A can of sardines is made to move along an x axis from x = 0.25 m to x = 1.25 m by a force with a

A can of sardines is made to move along an x axis from x = 0.25 m to x = 1.25 m by a force with a magnitude given by F = exp(-4x2), with x in meters and F in newtons. (Here exp is the exponential function.) How much work is done on the can by the force?

"To calculate the work done on the can by the force given by \( F = \exp(-4x^2) \), we need to evaluate the work integral from the initial position \( x_1 = 0.25 \, \text{m} \) to the final position \( x_2 = 1.25 \, \text{m} \).

Work Done

The work done by a variable force is given by the integral:
\[
W = \int_{x_1}^{x_2} F(x) \, dx = \int_{0.25}^{1.25} \exp(-4x^2) \, dx
\]

Unfortunately, this integral involves a non-elementary function, but it is related to the error function, \(\text{erf}(x)\). The solution must be expressed in terms of this function or approximated numerically.

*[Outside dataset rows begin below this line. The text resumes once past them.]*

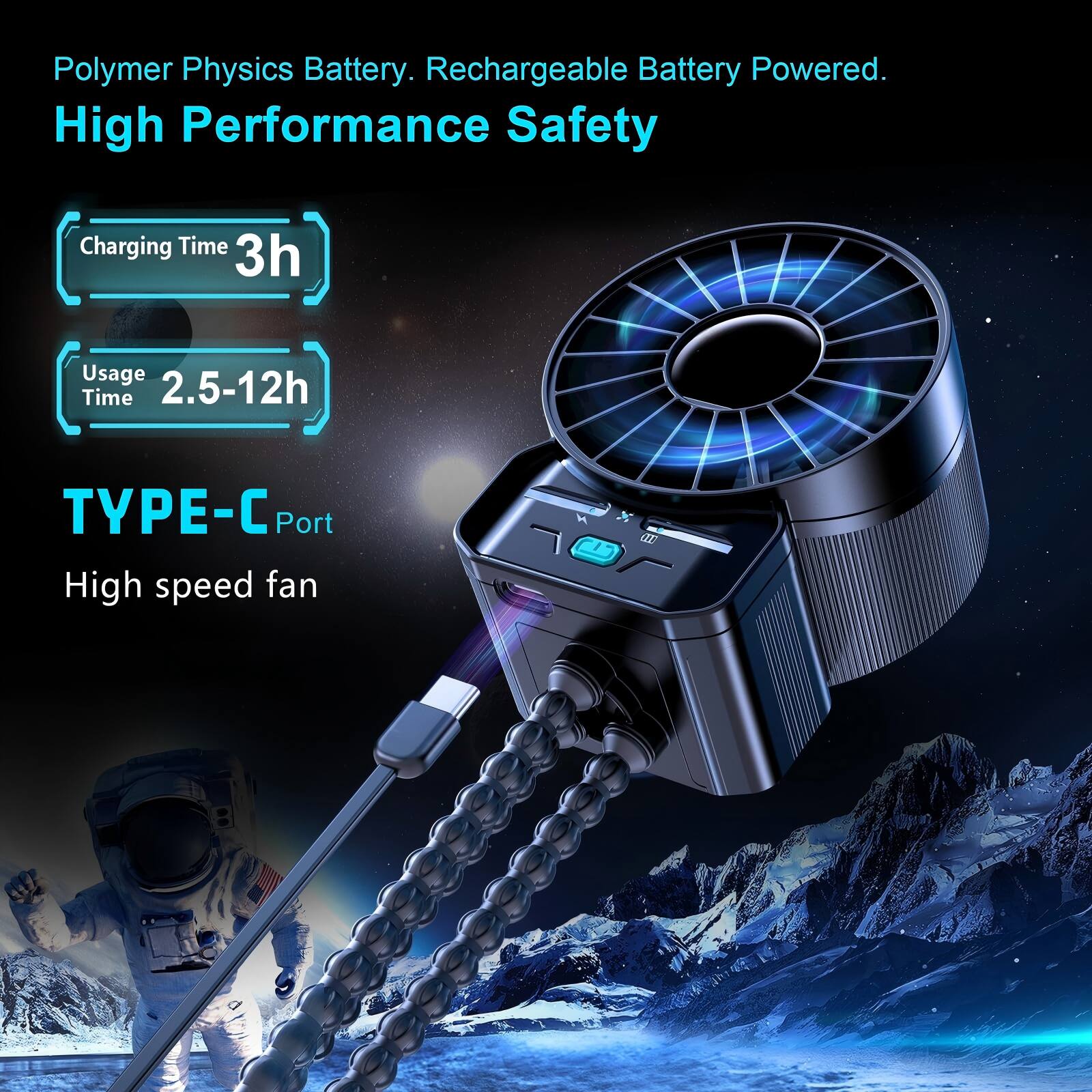Polymer Physics Battery. Rechargeable Battery Powered.  
High Performance Safety  

Charging Time: 3h  
Usage Time: 2.5-12h  

TYPE-C Port  
High speed fan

Calculation via Error Function

The integral of the given force can be expressed using the error function \(\text{erf}(x)\):
\[
\int \exp(-ax^2) \, dx = \frac{\sqrt{\pi}}{2\sqrt{a}} \text{erf}(\sqrt{a}x) + C
\]

For our specific integral \(\exp(-4x^2)\), \(a = 4\):
\[
\int \exp(-4x^2) \, dx = \frac{\sqrt{\pi}}{4} \text{erf}(2x) + C
\]

Evaluating from \(x = 0.25\) to \(x = 1.25\):
\[
W = \frac{\sqrt{\pi}}{4} \left[ \text{erf}(2 \times 1.25) - \text{erf}(2 \times 0.25) \right]
\]

Approximation Using Values

Using standard values for the error function:
\(\text{erf}(2.5) \approx 0.999593\)
\(\text{erf}(0.5) \approx 0.520500\)

Substitute to find the work:
\[
W = \frac{\sqrt{\pi}}{4} \left( 0.999593 - 0.520500 \right)
\]
\[
W = \frac{\sqrt{\pi}}{4} \times 0.479093 \approx 0.2110 \, \text{J}
\]

The work done on the can by the force is approximately \(0.2110 \, \text{J}\)."